Tuesday, January 19, 2010

Of Iran and Oil

Among the few countries that have a substantial influence over the prices of crude oil and natural gas, Iran is probably the most feared by the international community due to its strategic, geographic and geopolitical position in the Middle East and Central Asia.

Regularly coming into economic conflict with the United States over the last few years, Iran has successively rebuffed calls for it to expand the production level of the OPEC, threatened to take control of the Strait of Hormuz - where half of the world’s oil production is transported weekly, allegedly supported terrorist groups in Lebanon and Palestine and, in 2007, threatened to bomb half of the off-shore oil and natural gas platforms in the Caspian Sea if the Americans didn’t remove their troops from Azerbaijan.

There are a wide range of factors that influence oil prices, from piracy in the Indian Ocean to a rise in Chinese demand. But Iran now holds a special spot on the list since geopolitics have moved it center-stage.
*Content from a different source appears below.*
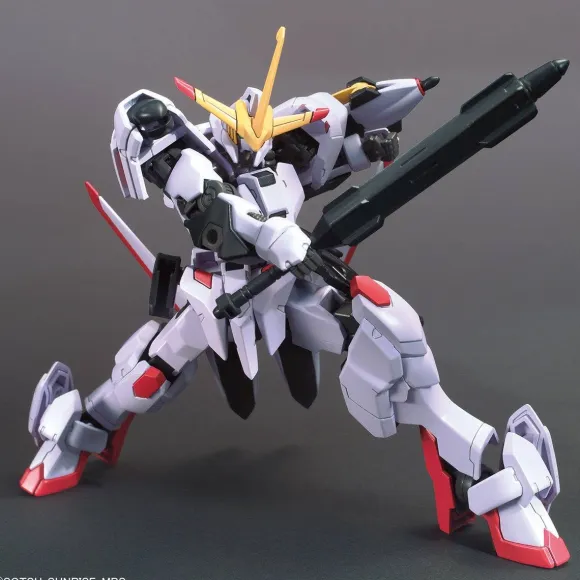 1/144 HG Gundam Hajiroboshi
It’s important to remember that Iran is the world’s fourth largest oil producer and also possesses the world’s second largest natural gas reserve. By such standards, Iran could hold half of the world hostage in terms of energy. So why hasn’t it happened yet?
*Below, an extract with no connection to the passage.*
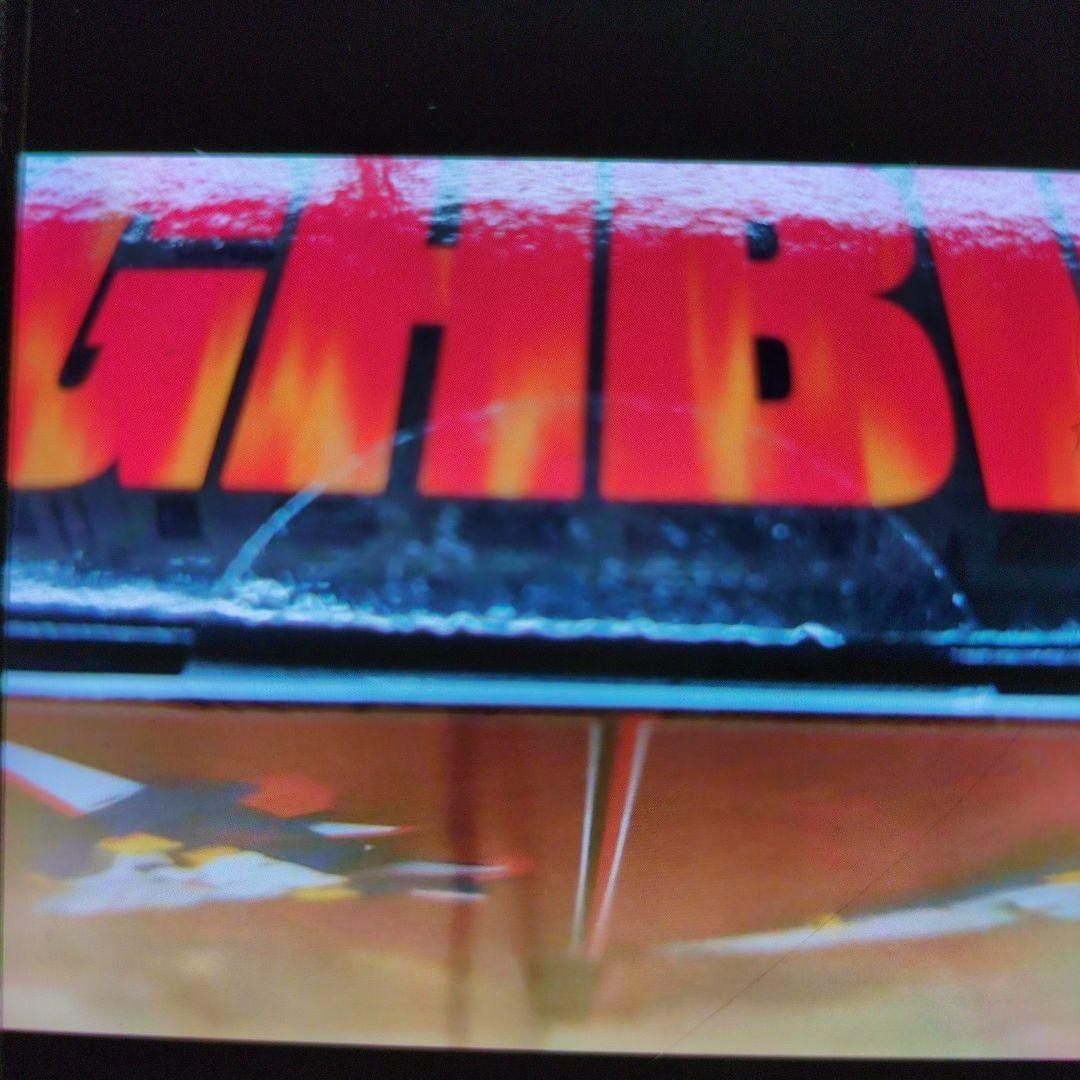 スーパーメタルアクション。ファイバード。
Iran needs the Western world to buy its oil and its natural gas because, just like every country across the globe that relies on natural resources for the survival of its economy, the Islamic Republic needs to eat, needs to finance its infrastructures, needs to pay for its nuclear program and its military equipment.
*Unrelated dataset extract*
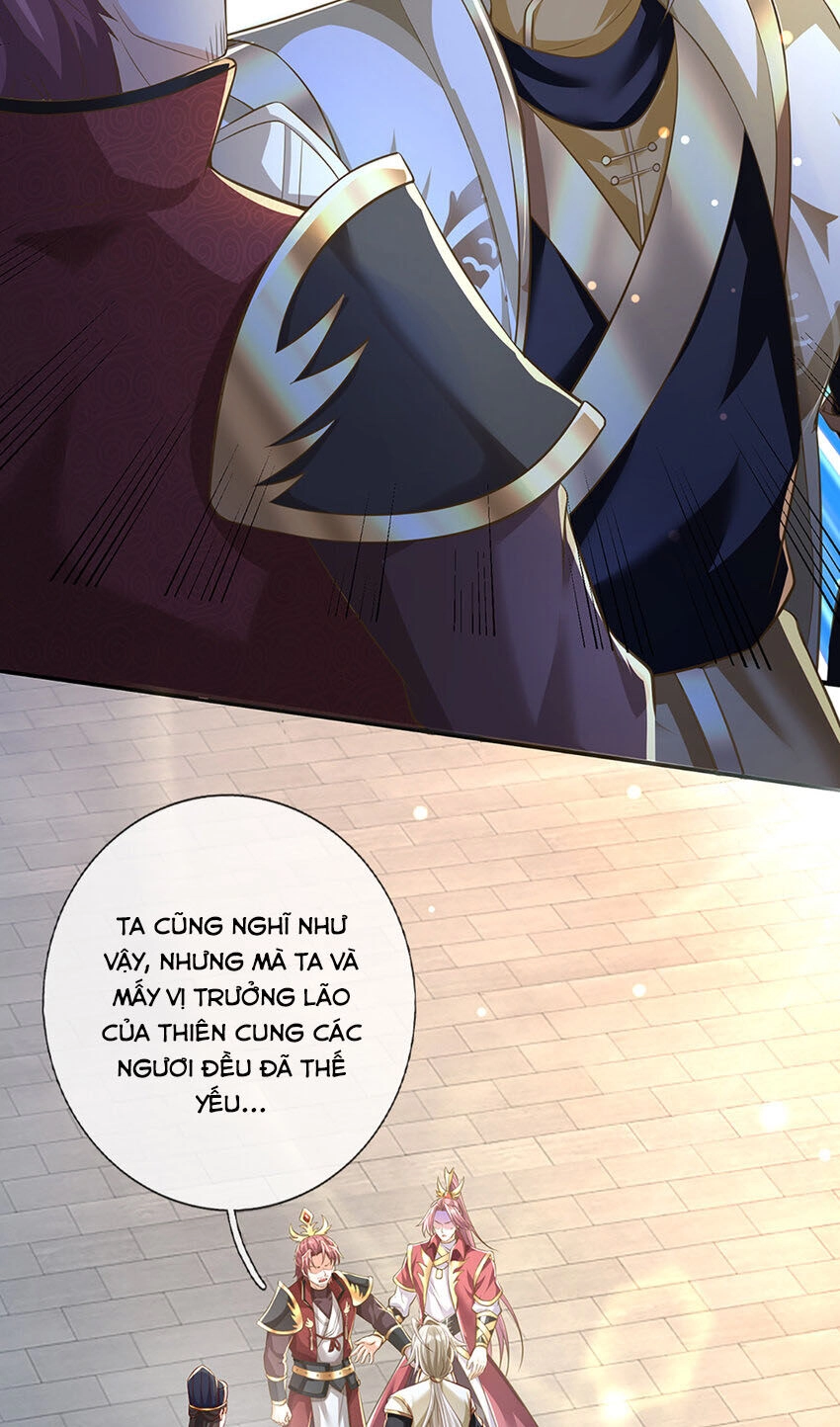 Lựa Chọn Thần Cấp: Ta Không Theo Sáo Lộ Mạnh Lên Chapter 83 - 13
The problem is that Iran has allied itself with one of the most feared countries in the world in terms of energy and military power, the one and only motherland: Russia. The same Russia that has been providing Iran with unique missile guiding systems, with the latest Sukhoï and MIG combat planes, with access to some information on civil nuclear engineering, and the same country that was given an offer to join the OPEC two months ago by the same man who represents the Islamic Republic: Mahmoud Ahmadinejad.

Furthering this process, Iran recently offered Russia, Venezuela and a few Caspian Sea countries a place in the formation of a new cartel to control natural gas markets, using the same model as the OPEC. The day following this announcement, oil prices soared by $10 and natural gas prices followed by about the same amount.

From a technical point of view, Iran cannot by itself determine the new crude oil prices, it requires the agreement of a majority of the OPEC council. From a practical point of view, it can influence it greatly, and at a very impressive speed.
Over the course of 2008, crude oil price went up six times, leading to a ceiling price of $147 per barrel before going down again. Every single time, the rise in prices was the direct result of an action taken by Iran: testing new mid-range missiles, announcing the possibility of a cut in OPEC production, announcing civil nuclear tests, etc.

Overall, Iran has a considerable influence over crude oil and natural gas prices, but it’s never been very technical. One must understand the nature of Iranian provocation, and not respond to it by creating a “risk premium” or “fear premium” of $15. The western world still needs to learn how to do that, and it could take a few lessons from Russia on the matter.